700 years ago Maori land clearing left a sooty signature in Antarctica, researchers find

Ice core samples suggest that human influence on the atmosphere goes back centuries before the industrial revolution.

Ice core samples suggest human influence on atmosphere goes back centuries before the industrial revolution

Soot from this ice core sample taken from James Ross Island in the northern Antarctic Peninsula, revealed the surprising impacts of Māori burning in New Zealand starting in the late 13th century. Robert Mulvaney, Ph.D., from the British Antarctic Survey, pictured here led collection of the core (Jack Triest)

Ice core samples from Antarctica have revealed sooty deposits dating back 700 years, which researchers have traced to forest burning by the first human settlers on New Zealand.
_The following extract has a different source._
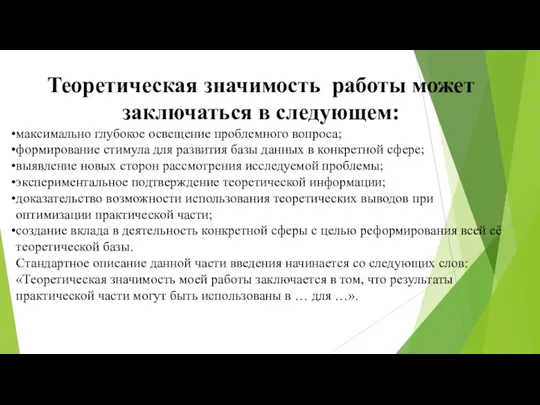 Теоретическая значимость работы может заключаться в следующем: максимально глубокое освещение проблемного вопроса; формирование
The work suggests human activity has had an influence on our atmosphere for centuries before the industrial revolution. 

Archeological evidence suggests that ancestors of the Maori people first arrived and settled New Zealand from Polynesia, about 1250 to 1300. A recent ice core study led by Joe McConnell and his colleagues has added information that helps refine the date of arrival closer to 1300. McConnell is a professor of hydrology at the Desert Research Institute at the University of Nevada.
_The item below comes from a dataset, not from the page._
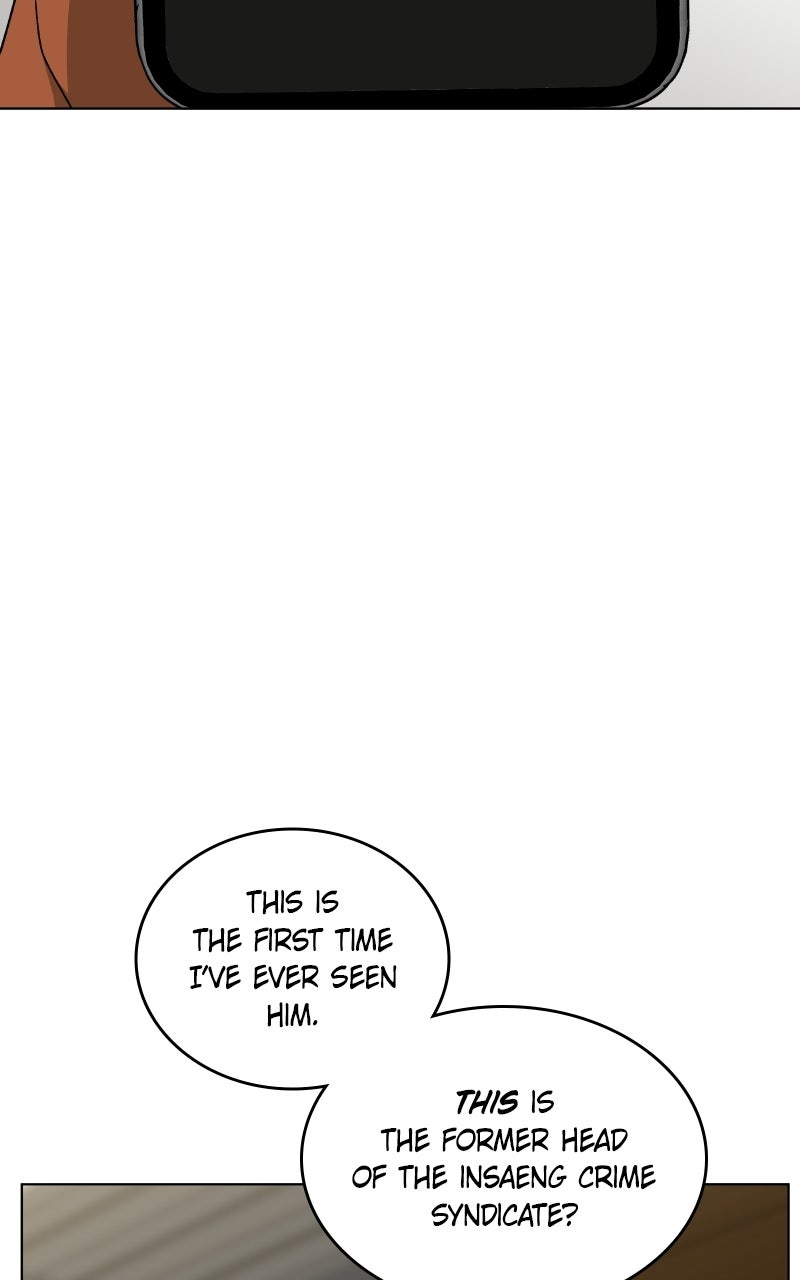 It’s My Life Episode 48 page 79 -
McConnell and colleagues from the British Antarctic Survey analyzed samples taken from glaciers on James Ross Island off the northeastern tip of the Antarctic Peninsula.

Ice core mystery

The ice core samples preserve annual records of snowfall and any particulates that fall with the snow. The team was initially surprised to find soot in layers dating to 700 years ago. Soot, or black carbon, usually comes from forest fires, or the burning of fossil fuels, which clearly didn't have a local origin in treeless Antarctica.

Measuring the chemistry in a sample of an ice core in a specific analytical system (Joe McConnell)
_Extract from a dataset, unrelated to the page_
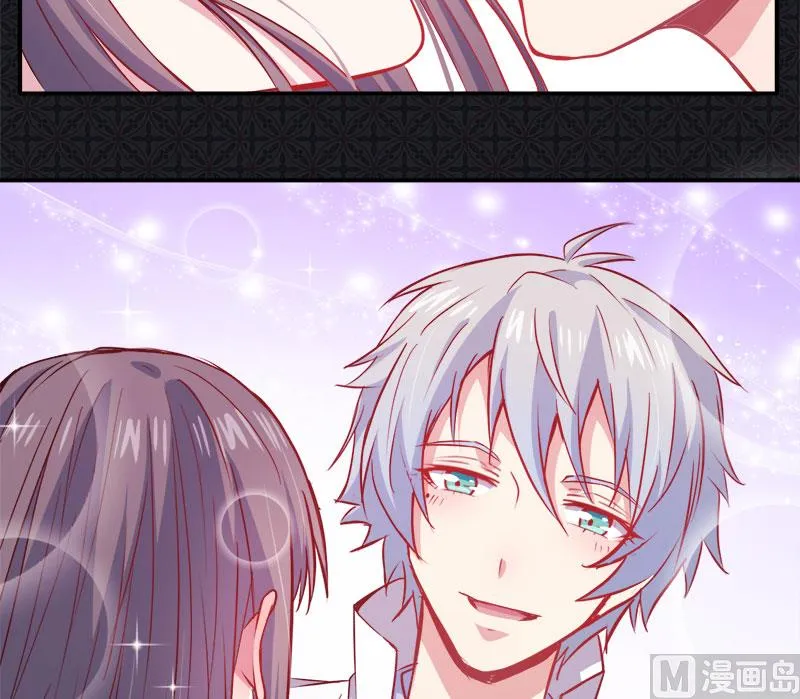 073有夫之妇 第27页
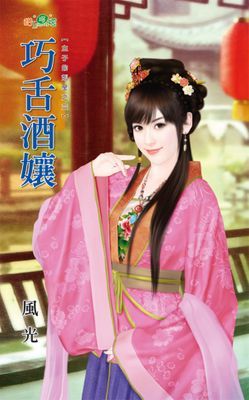 作品封面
The soot had clearly come from elsewhere, and their research suggested that New Zealand was a likely fit. Charcoal deposits in New Zealand sediment indicated a dramatic increase in fire around the year 1300, which coincided with estimates of the date of arrival of the ancestors of the Maori. The charcoal and the soot were likely from the use of fire to clear land by the new settlers. 

Winds carried soot a long way

New Zealand is 7,200 kilometres from James Ross Island, which meant the soot travelled an enormous distance. However the southern hemisphere's powerful prevailing winds would have served to carry the soot to Antarctica. 

In addition to the ice core sample from James Ross Island, four ice cores were taken from continental Antarctica, including two as part of the Norwegian-American International Polar Year Antarctic Scientific Traverse (Stein Tronstad)

Apart from helping refine the arrival date of the Maori in New Zealand, the Antarctic ice cores revealed a previously little-known history of human influence on the Earth's atmosphere.